ACTION ITEM → Within the entries below, the lines from the one with "Multi-camera calibration method" through the one with "Market position of" are to be set down exactly, both ends kept.

EXERCISE MATERIAL →
——

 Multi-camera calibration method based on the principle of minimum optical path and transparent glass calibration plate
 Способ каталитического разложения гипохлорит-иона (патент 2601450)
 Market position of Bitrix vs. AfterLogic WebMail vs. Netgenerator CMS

——

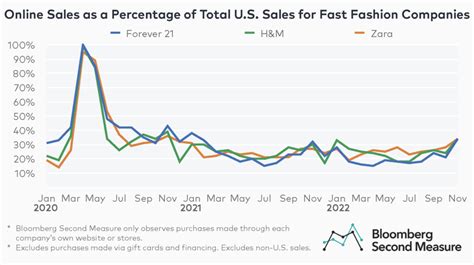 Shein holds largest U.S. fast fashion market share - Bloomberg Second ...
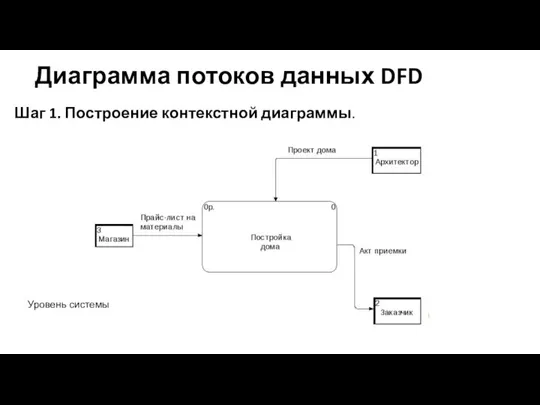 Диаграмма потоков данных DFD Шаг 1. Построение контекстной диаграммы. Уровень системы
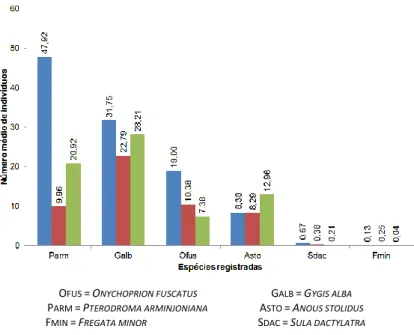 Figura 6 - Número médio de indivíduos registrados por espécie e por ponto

——

SOLVED EXERCISE →
 Multi-camera calibration method based on the principle of minimum optical path and transparent glass calibration plate
 Способ каталитического разложения гипохлорит-иона (патент 2601450)
 Market position of Bitrix vs. AfterLogic WebMail vs. Netgenerator CMS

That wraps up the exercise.